> **RECORD EXTRACTS**:

****************************************

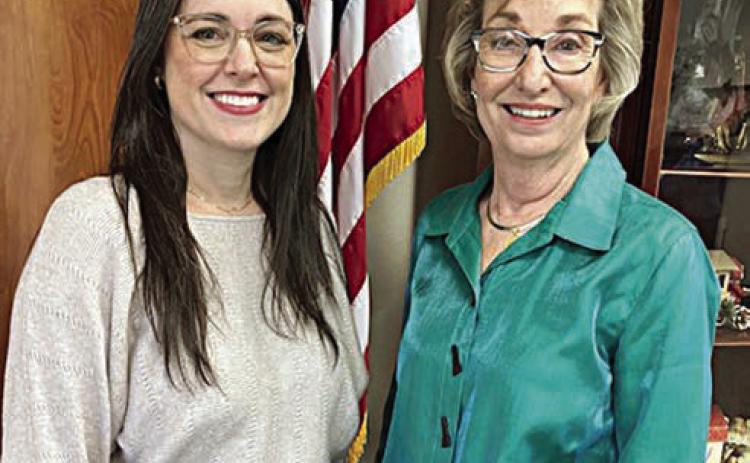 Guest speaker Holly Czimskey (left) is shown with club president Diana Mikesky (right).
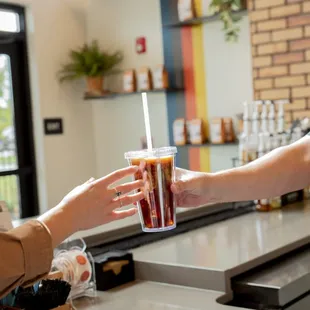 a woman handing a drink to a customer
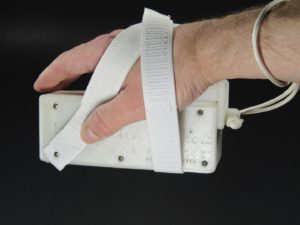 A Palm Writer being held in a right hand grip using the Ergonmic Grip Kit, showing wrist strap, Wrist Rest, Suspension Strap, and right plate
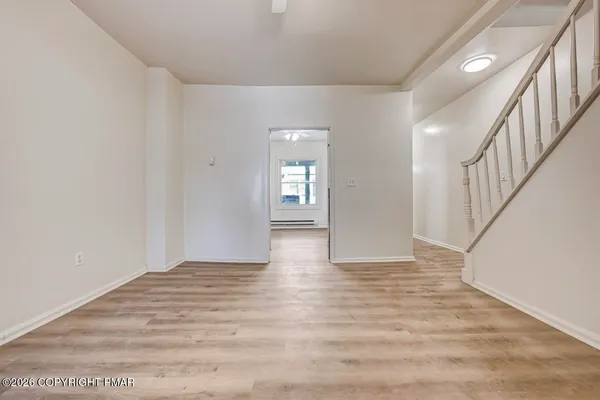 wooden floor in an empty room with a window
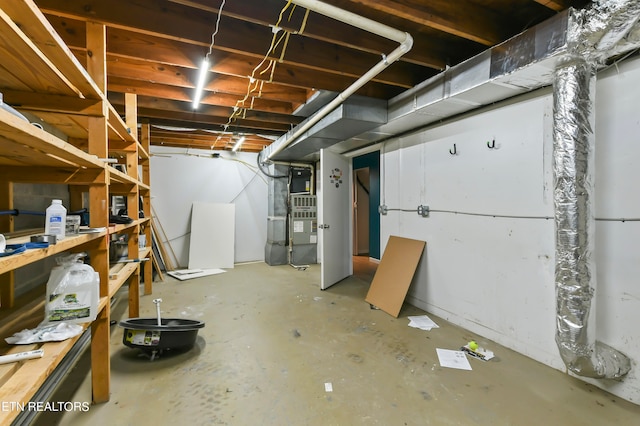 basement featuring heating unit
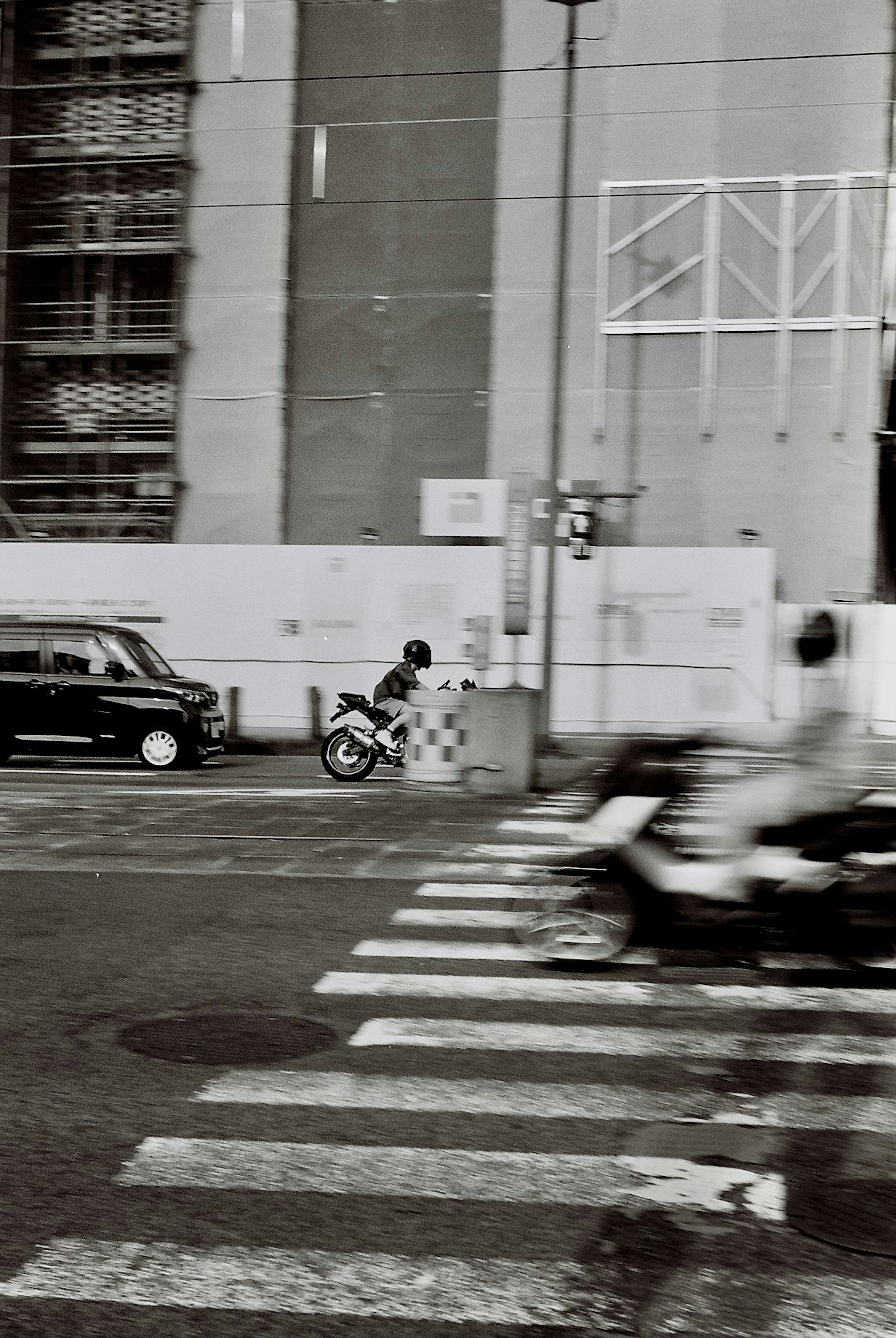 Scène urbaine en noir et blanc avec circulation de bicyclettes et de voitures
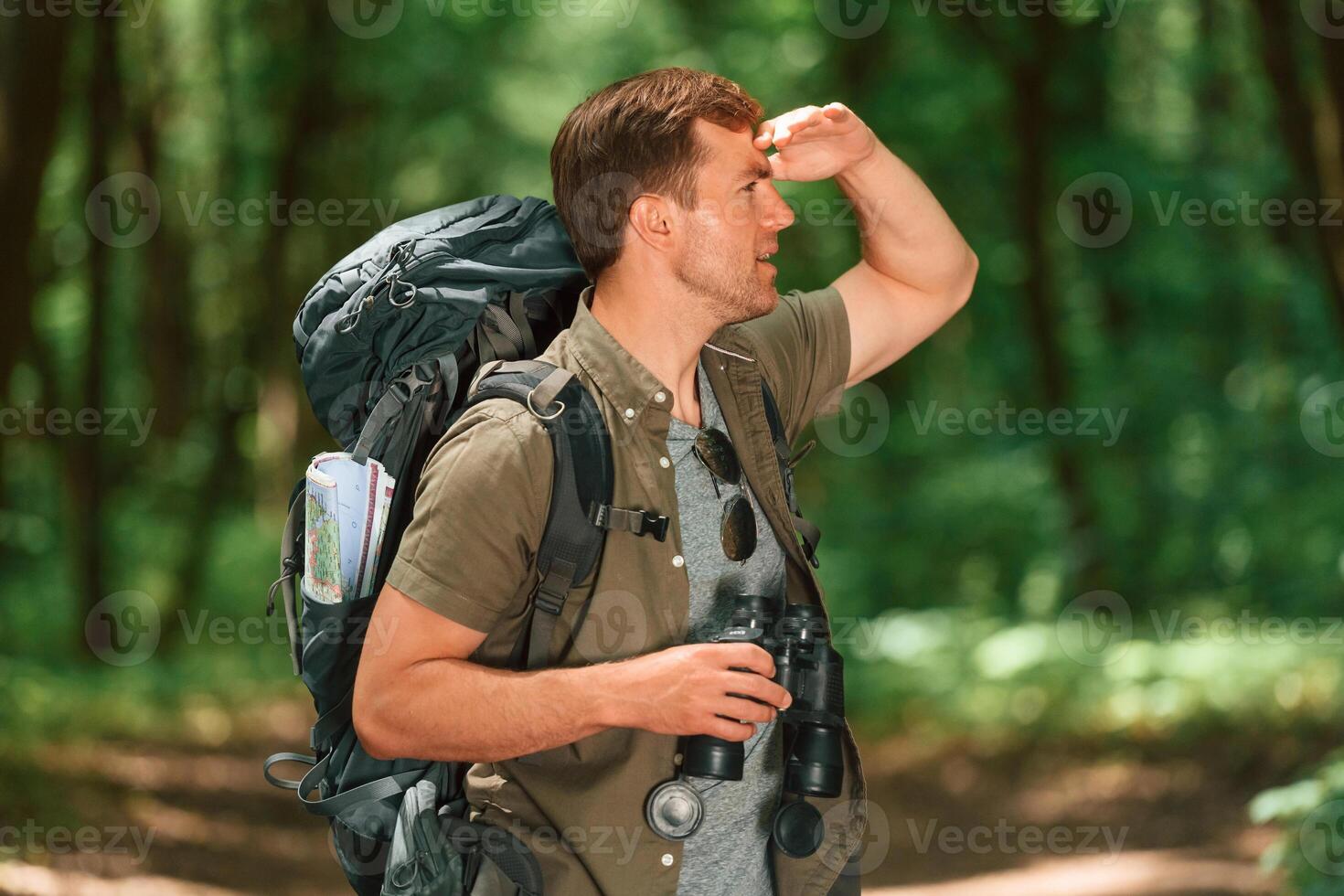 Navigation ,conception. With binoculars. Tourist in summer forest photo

****************************************

> **EXERCISE PROMPT**: Leave the pictures aside and give every entry above again word for word.

> **RESPONSE BOX**:
 Guest speaker Holly Czimskey (left) is shown with club president Diana Mikesky (right).
 a woman handing a drink to a customer
 A Palm Writer being held in a right hand grip using the Ergonmic Grip Kit, showing wrist strap, Wrist Rest, Suspension Strap, and right plate
 wooden floor in an empty room with a window
 basement featuring heating unit
 Scène urbaine en noir et blanc avec circulation de bicyclettes et de voitures
 Navigation ,conception. With binoculars. Tourist in summer forest photo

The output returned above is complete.